Over the years, Kubin-Clanin’s Sureau estate has grown. The Villa Sureau, a 2,000-square-foot private guesthouse and the culmination of her style, with its 15-foot ceilings, “sitting salon,” 19th-century tapestries and European crystal, was added in 1999, and the Spa du Sureau, where treatments are offered amid Art Deco grandeur, opened recently. It is, according to Kubin-Clanin, “my last hoorah for the property.” The estate now employs 97 staff whom she trains herself, from the busboys to Villa Sureau’s personal butler (who lives-in at the Villa, on 24-hour call) to her manager, an Englishwoman named Lucy Royse who’s worked at the Château for 15 years. “They put our service philosophy into effect,” Kubin-Clanin says. “In a lot of chain hotels, even the pricier ones, service is actually quite superficial. The staff are like robots. Here, I hire people with personality, a spark in their eyes, who want to be a part of something that they can be proud of.”

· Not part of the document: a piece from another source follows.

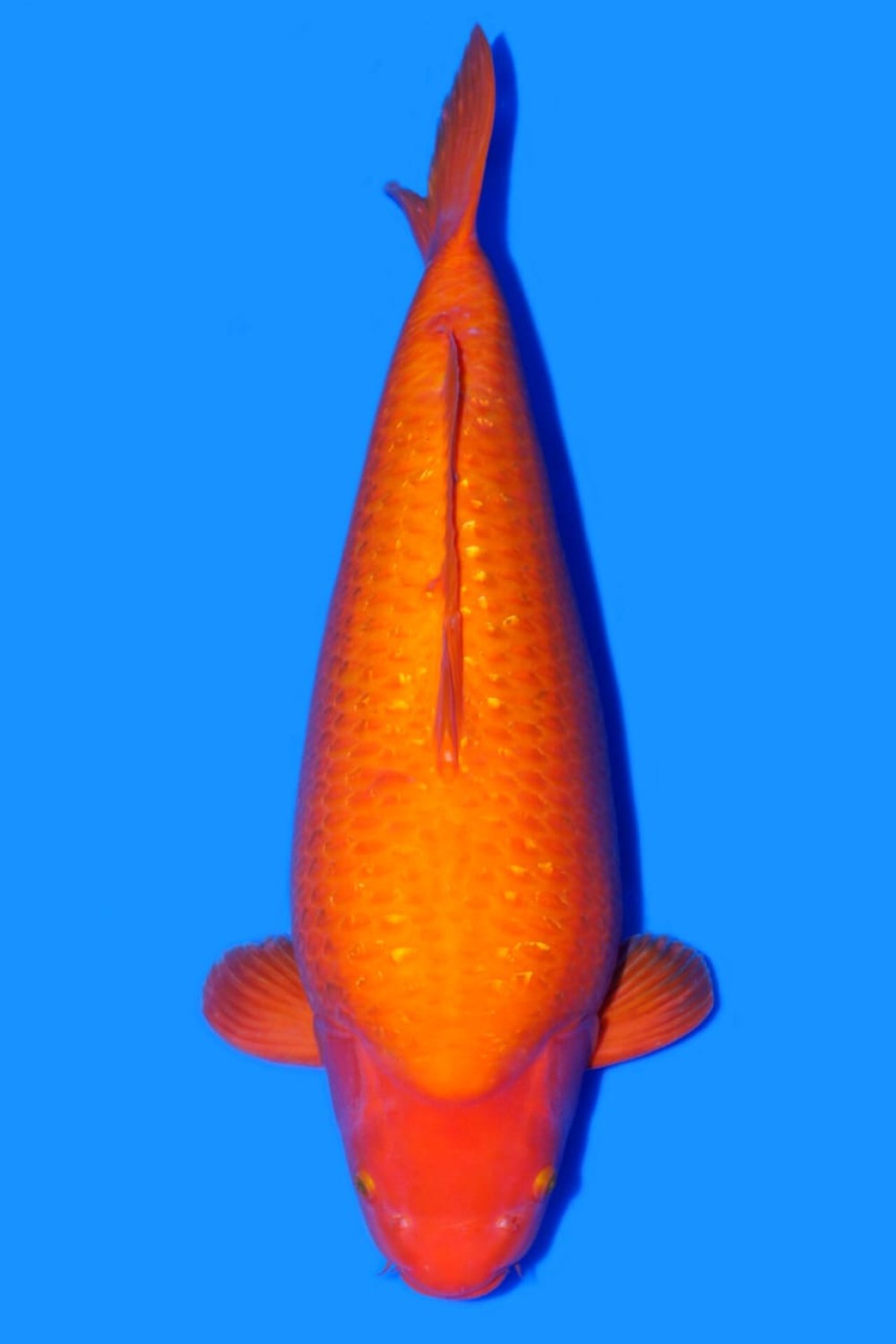 Juara 4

Kubin-Clanin elaborates on various ways in which the word “no” has been avoided: the guest who forgot her toothbrush and returned from dinner to find a new one, tied with ribbon, in her bathroom; the couple who went hiking without their picnic basket, which Kubin-Clanin dispatched via one of the housemen, who found them just in time for lunch; the guest who was so miserable without her Pekingese that Kubin-Clanin got a staff member to pick it up from San Francisco and drive it down to the hotel. You pay for this level of consideration, of course – rooms start at $350 a night – but even the presentation of the bill is softened by the fact that Royse, a calligraphist, handwrites each one. These are the factors that compel people to return to Château du Sureau and which, according to its owner, will prove a bulwark in tougher economic times. “I think the service we offer is more important right now than ever,” she says. “People need to treat themselves and enjoy life. That’s where we come in.”